- Born: Electra Nicole Mustaine January 28, 1998 (age 28) Scottsdale, Arizona, U.S.
- Genres: Pop, rock
- Occupation: Musician
- Instruments: Vocals, guitar, piano
- Years active: 2013–present

= Electra Mustaine =

American musician

Electra Nicole Mustaine (born January 28, 1998) is an American musician. Mustaine is the daughter of thrash metal musician Dave Mustaine, she was raised in Fallbrook, California and currently resides in Nashville, Tennessee.

== Family ==
Mustaine is the daughter of Dave Mustaine, lead vocalist of Megadeth, and Pamela Anne Casselberry. She was born in Scottsdale, Arizona on January 28, 1998, six years after her older brother, Justis.

== Career ==
Mustaine moved to Fallbrook, California, at age five and started pursuing a career in musical theater at age seven. She began to practice singing in hopes of one day becoming a prominent figure in the world of musical theater and acting.

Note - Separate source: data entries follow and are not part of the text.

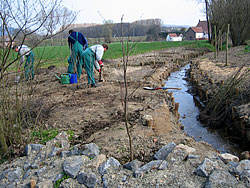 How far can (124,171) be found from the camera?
10.1 ft

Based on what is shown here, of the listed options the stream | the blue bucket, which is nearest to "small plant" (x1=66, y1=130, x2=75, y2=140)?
the stream

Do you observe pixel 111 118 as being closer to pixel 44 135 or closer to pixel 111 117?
pixel 111 117

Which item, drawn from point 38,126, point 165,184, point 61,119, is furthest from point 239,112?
point 38,126

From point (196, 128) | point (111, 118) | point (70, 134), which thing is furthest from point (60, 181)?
point (196, 128)

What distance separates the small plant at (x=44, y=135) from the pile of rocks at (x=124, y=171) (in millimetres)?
700

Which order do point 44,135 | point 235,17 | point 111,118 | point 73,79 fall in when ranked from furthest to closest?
1. point 235,17
2. point 73,79
3. point 111,118
4. point 44,135

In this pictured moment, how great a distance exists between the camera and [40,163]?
133 inches

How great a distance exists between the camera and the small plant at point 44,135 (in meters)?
4.22

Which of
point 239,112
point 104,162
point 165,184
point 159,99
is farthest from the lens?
point 159,99

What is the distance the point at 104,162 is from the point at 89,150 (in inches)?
14.6

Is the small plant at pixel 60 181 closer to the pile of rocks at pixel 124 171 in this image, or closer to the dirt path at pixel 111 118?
the pile of rocks at pixel 124 171

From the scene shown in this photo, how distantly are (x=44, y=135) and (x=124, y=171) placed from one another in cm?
202

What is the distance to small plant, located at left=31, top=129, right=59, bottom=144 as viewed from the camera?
422 cm

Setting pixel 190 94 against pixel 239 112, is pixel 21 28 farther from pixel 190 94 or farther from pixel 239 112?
pixel 190 94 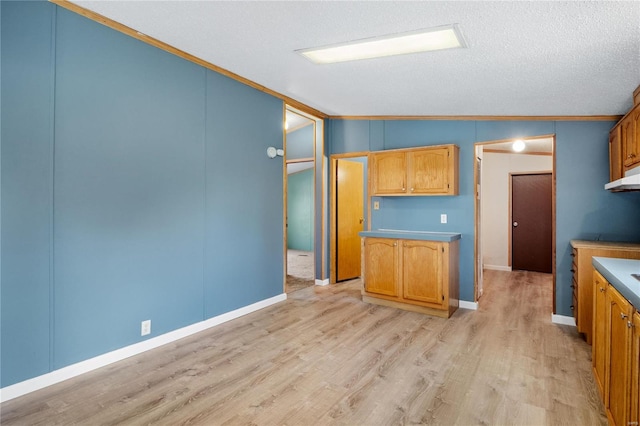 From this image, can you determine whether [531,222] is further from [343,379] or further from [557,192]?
[343,379]

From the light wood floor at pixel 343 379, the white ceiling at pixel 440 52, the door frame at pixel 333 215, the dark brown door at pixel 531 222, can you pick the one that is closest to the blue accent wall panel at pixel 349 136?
the door frame at pixel 333 215

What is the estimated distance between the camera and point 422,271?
3.86m

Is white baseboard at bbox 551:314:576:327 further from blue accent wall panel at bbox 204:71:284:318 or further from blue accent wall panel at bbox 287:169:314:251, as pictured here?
blue accent wall panel at bbox 287:169:314:251

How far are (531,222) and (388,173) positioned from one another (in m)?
3.84

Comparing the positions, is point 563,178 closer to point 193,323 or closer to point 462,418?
point 462,418

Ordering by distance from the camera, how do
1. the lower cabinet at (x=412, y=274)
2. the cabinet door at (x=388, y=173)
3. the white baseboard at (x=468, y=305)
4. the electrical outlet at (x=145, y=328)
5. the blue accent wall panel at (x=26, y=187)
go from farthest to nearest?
the cabinet door at (x=388, y=173) → the white baseboard at (x=468, y=305) → the lower cabinet at (x=412, y=274) → the electrical outlet at (x=145, y=328) → the blue accent wall panel at (x=26, y=187)

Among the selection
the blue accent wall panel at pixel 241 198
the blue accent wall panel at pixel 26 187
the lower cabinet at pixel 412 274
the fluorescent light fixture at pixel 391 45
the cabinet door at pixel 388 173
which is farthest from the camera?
the cabinet door at pixel 388 173

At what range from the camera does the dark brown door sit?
248 inches

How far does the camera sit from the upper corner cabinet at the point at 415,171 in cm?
401

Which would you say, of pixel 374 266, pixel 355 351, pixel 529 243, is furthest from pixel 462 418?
pixel 529 243

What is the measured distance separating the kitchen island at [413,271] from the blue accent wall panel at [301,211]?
5040 mm

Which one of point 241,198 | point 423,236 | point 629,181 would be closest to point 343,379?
point 423,236

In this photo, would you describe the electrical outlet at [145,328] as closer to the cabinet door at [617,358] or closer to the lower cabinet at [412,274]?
the lower cabinet at [412,274]

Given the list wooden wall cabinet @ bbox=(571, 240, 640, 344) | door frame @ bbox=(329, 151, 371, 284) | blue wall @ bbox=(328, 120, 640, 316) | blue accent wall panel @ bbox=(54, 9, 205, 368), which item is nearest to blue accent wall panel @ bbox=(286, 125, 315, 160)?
door frame @ bbox=(329, 151, 371, 284) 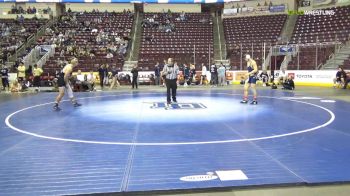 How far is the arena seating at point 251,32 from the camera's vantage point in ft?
100

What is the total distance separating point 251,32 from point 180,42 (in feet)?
21.7

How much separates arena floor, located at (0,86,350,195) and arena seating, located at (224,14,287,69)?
67.1 ft

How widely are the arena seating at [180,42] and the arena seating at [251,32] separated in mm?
1812

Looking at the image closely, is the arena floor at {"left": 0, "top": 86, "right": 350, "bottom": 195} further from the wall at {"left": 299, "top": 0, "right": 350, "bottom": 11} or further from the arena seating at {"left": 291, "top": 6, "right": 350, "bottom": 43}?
the wall at {"left": 299, "top": 0, "right": 350, "bottom": 11}

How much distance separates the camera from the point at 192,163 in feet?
17.4

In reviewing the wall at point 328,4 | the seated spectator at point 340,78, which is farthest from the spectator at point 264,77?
the wall at point 328,4

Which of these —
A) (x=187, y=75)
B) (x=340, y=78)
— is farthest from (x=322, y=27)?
(x=187, y=75)

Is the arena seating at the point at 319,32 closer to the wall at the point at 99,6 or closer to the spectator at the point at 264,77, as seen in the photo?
the spectator at the point at 264,77

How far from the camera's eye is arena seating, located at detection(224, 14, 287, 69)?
30.6m

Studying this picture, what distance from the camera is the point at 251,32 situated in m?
34.7

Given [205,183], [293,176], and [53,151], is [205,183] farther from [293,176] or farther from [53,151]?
[53,151]

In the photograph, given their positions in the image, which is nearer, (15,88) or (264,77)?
(15,88)

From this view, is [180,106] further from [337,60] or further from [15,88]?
[337,60]

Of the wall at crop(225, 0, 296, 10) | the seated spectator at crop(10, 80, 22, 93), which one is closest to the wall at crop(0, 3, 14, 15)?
the seated spectator at crop(10, 80, 22, 93) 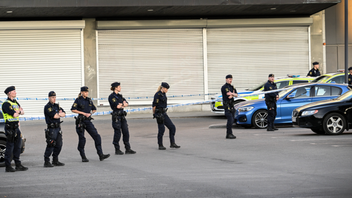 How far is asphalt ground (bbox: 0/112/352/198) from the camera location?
7.25 meters

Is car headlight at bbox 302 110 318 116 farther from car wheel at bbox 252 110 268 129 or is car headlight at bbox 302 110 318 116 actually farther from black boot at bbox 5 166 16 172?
black boot at bbox 5 166 16 172

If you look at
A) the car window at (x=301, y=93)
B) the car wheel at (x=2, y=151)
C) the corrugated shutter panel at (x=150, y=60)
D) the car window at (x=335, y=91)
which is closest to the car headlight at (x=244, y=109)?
the car window at (x=301, y=93)

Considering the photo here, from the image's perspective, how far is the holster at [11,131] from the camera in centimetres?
969

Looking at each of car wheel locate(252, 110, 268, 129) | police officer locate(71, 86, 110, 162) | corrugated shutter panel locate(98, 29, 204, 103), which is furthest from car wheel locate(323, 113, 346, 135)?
corrugated shutter panel locate(98, 29, 204, 103)

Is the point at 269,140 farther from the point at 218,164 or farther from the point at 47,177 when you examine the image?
the point at 47,177

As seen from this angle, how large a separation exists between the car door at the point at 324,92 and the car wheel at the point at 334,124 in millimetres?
2517

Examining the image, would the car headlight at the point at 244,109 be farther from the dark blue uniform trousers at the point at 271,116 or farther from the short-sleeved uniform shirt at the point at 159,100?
the short-sleeved uniform shirt at the point at 159,100

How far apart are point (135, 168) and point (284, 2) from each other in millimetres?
15896

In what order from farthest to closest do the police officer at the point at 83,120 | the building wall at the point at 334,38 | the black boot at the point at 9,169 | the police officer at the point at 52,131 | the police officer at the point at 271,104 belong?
the building wall at the point at 334,38 < the police officer at the point at 271,104 < the police officer at the point at 83,120 < the police officer at the point at 52,131 < the black boot at the point at 9,169

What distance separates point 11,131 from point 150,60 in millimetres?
16210

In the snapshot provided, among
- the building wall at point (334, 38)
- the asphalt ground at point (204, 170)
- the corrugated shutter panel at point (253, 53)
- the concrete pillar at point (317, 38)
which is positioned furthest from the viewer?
the building wall at point (334, 38)

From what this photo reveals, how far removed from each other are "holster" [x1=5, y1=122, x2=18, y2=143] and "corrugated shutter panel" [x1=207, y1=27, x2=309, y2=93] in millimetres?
17002

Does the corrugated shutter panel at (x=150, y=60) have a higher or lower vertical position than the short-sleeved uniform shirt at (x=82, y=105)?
higher

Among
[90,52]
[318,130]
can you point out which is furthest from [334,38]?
[318,130]
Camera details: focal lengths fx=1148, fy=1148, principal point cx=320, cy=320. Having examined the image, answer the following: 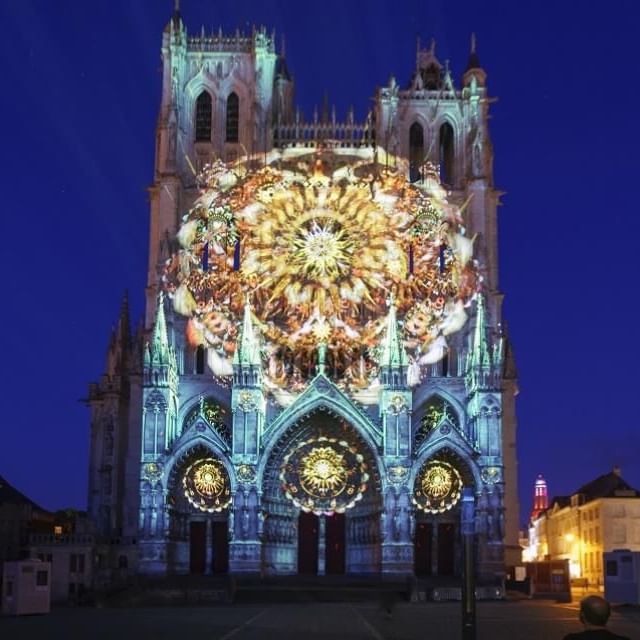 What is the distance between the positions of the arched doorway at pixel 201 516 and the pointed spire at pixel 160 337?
472 cm

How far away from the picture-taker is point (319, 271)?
180ft

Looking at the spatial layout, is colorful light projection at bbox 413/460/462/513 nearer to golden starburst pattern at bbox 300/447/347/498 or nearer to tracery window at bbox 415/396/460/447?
tracery window at bbox 415/396/460/447

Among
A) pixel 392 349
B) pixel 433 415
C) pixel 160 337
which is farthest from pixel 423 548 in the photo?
pixel 160 337

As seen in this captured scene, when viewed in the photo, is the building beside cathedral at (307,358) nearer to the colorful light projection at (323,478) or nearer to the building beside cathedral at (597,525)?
the colorful light projection at (323,478)

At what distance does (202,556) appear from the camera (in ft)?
175

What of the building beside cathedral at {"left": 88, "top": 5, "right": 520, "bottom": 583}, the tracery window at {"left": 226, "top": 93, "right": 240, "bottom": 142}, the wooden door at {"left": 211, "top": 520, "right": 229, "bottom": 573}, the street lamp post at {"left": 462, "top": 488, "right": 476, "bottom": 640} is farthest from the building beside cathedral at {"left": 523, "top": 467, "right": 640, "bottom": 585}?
the street lamp post at {"left": 462, "top": 488, "right": 476, "bottom": 640}

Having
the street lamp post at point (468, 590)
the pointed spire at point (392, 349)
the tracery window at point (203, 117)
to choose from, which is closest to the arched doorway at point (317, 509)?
the pointed spire at point (392, 349)

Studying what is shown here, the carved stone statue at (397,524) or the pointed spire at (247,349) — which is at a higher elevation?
the pointed spire at (247,349)

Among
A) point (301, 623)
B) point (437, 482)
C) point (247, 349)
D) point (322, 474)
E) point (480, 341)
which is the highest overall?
point (480, 341)

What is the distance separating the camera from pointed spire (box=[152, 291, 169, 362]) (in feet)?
172

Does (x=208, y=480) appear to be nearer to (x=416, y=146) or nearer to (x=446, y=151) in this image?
(x=416, y=146)

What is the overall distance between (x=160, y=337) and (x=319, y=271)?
823 cm

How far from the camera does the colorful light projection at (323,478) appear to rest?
53.0 metres

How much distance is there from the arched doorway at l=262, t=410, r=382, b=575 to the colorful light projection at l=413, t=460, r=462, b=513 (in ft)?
7.93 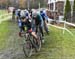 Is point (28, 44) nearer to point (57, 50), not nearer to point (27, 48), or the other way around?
point (27, 48)

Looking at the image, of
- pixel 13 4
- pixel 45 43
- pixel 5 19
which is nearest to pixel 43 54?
pixel 45 43

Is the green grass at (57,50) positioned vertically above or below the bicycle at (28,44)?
below

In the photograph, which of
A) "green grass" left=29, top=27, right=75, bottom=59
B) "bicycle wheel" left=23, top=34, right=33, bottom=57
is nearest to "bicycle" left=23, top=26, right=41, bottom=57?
"bicycle wheel" left=23, top=34, right=33, bottom=57

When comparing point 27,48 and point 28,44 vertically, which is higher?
point 28,44

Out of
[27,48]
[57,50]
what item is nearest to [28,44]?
[27,48]

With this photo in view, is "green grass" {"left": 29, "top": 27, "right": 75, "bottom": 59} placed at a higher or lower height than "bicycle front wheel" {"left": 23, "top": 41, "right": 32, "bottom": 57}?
lower

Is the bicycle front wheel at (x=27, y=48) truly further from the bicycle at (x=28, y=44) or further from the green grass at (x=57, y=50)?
the green grass at (x=57, y=50)

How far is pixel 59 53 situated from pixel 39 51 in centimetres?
72

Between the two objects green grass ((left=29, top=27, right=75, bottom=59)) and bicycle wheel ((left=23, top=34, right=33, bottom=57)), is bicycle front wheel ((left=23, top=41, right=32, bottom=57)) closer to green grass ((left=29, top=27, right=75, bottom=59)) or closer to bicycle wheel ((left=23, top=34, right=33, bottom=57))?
bicycle wheel ((left=23, top=34, right=33, bottom=57))

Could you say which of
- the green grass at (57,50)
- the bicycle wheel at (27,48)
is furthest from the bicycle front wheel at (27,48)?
the green grass at (57,50)

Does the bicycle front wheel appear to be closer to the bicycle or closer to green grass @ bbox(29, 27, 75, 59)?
the bicycle

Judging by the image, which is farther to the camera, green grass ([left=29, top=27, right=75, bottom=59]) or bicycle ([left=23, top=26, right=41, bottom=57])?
green grass ([left=29, top=27, right=75, bottom=59])

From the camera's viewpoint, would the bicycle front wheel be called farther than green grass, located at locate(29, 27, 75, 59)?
No

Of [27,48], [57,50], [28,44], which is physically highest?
[28,44] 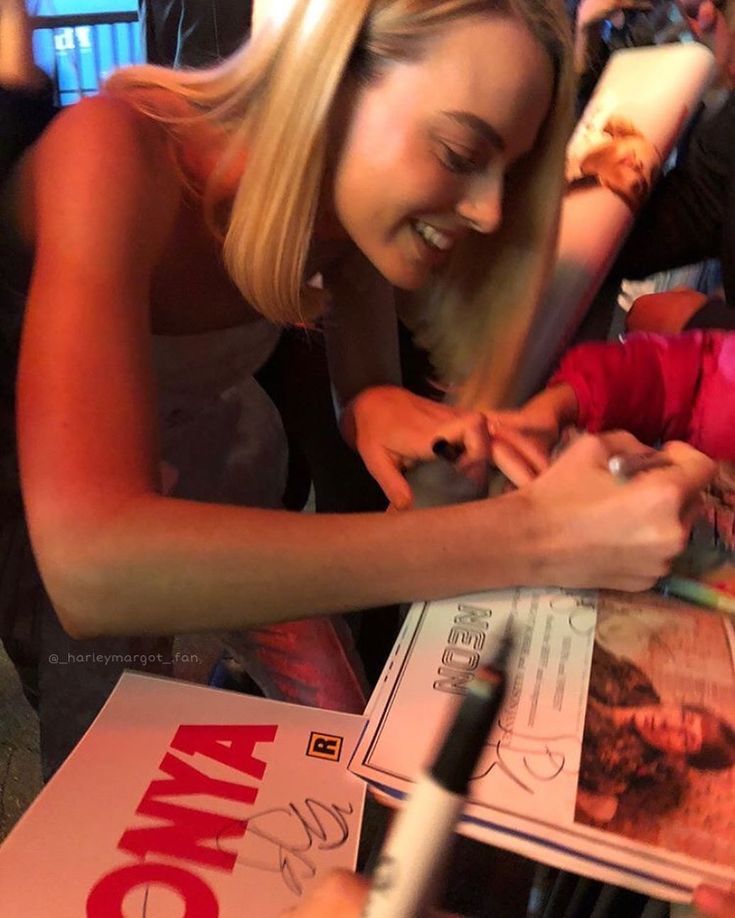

Mustaine was co-host of Animal Planet's TV show, Faithful Friends "Itty Bitty Buddy" segment with WWE wrestler Bill Goldberg's wife, Wanda. She would continue to frequent Los Angeles for auditions and acting classes. As Mustaine built her voice, her love for music began to flourish above all else. That's when her family started to support her pursuit of a musical career. Mustaine began performing at fairgrounds and small gigs and venues around San Diego County and in Chicago. In 2013, she performed a cover of the song "A Tout le Monde" by her father's band Megadeth on Seattle's KING-TV and having a benefit concert for the Ward 57 Wounded Warrior Project to raise funds for wounded veterans and their families.

In 2016, Mustaine released her cover of "I Thought I Knew It All", a Megadeth song from the album Youthanasia, and her first original composition, "Life Is Good" written by Mustaine, Nathan Chapman, and Blair Daly. She also performed at the 2016 CMA Music Festival.

Electra is currently the sommelier and Vice President of "House of Mustaine" winery. With vineyards in Italy and California, HoM produces a variety of popular wines primarily named after Megadeth songs such as "She-Wolf" and "Holy Wars".

In addition to House of Mustaine, Electra was the personal sommelier to Dolly Parton and worked directly with Dolly to help create the official Dolly Wines collection.